- _WHAT THE TASK REQUIRES_
Could you print each entry below verbatim while omitting the pictures?

- _DATA TO USE_
*** Block opens ***
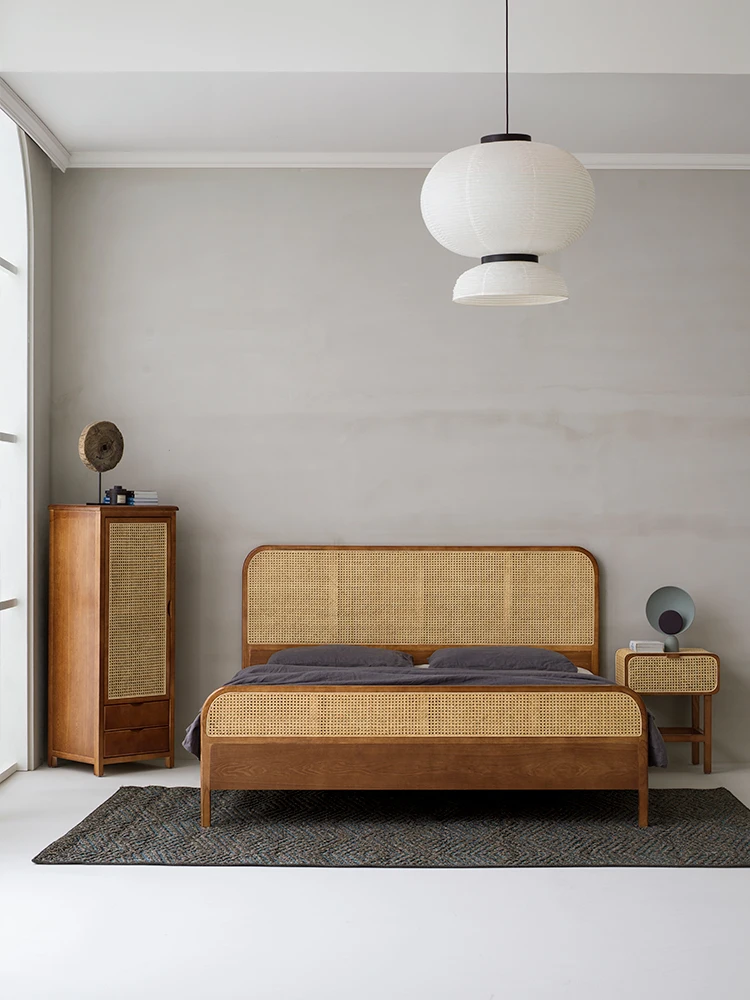 

Роскошная кровать из цельной древесины в скандинавском стиле светильник ротанга, Минималистичная постмодернизированная дизайнерская дву...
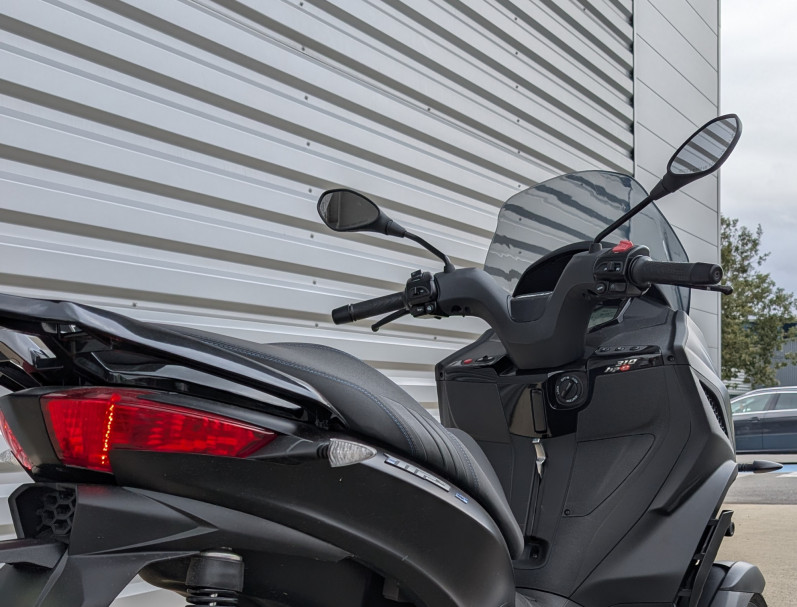PIAGGIO MP3 310 HPE SPORT COMME NEUF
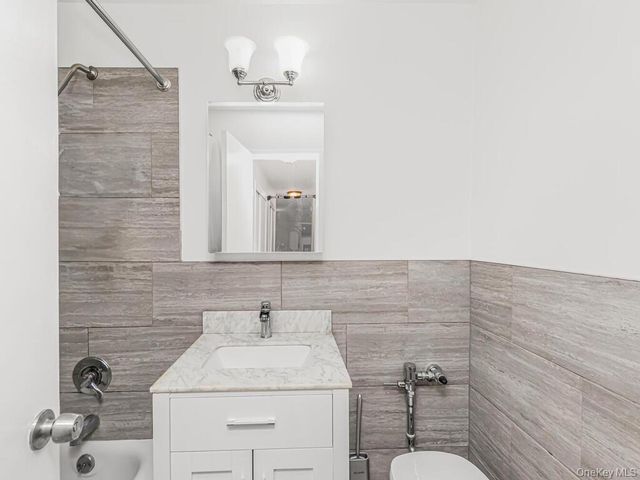 2750 Johnson Avenue 4B, Bronx, NY 10463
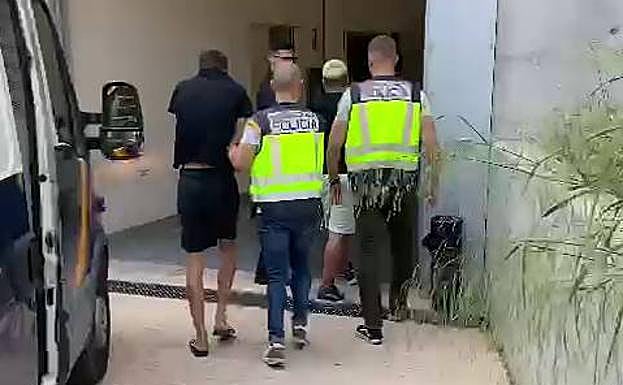 Dos de los detenidos, escoltados por la Policía.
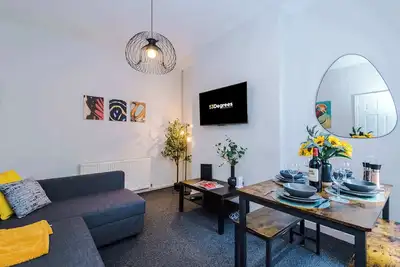 Ideal 3-Bed Home, Great for Groups!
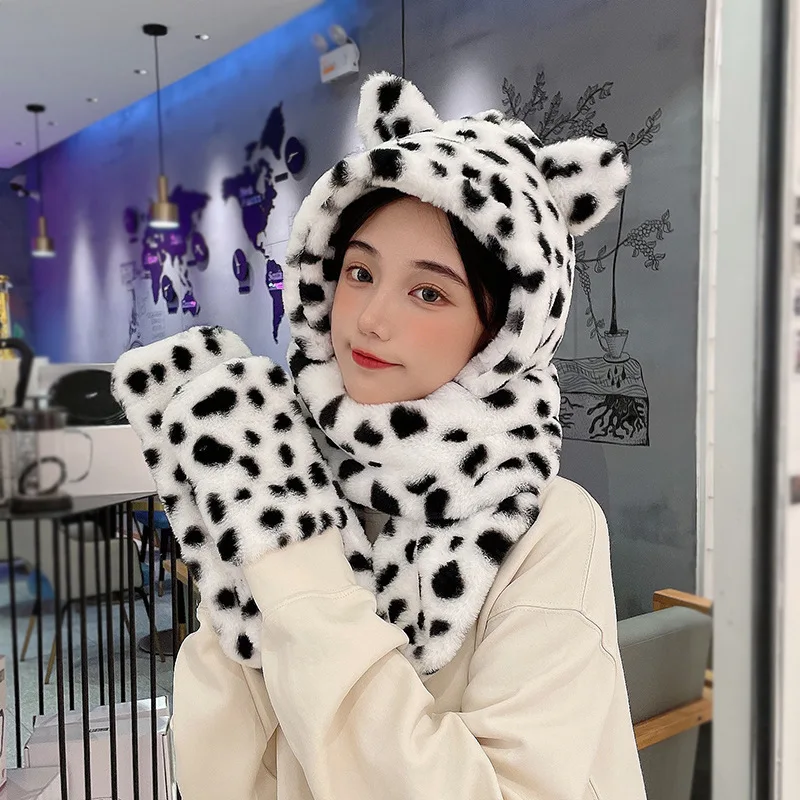 

Плюшевый медведь шапка шарф комплект из трех предметов женская зимняя леопардовая пятнистая Милая теплая шапка шарф перчатки в одном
*** Block closes ***
- _EXERCISE ANSWER_
Роскошная кровать из цельной древесины в скандинавском стиле светильник ротанга, Минималистичная постмодернизированная дизайнерская дву...
PIAGGIO MP3 310 HPE SPORT COMME NEUF
 2750 Johnson Avenue 4B, Bronx, NY 10463
 Dos de los detenidos, escoltados por la Policía.
 Ideal 3-Bed Home, Great for Groups!

Плюшевый медведь шапка шарф комплект из трех предметов женская зимняя леопардовая пятнистая Милая теплая шапка шарф перчатки в одном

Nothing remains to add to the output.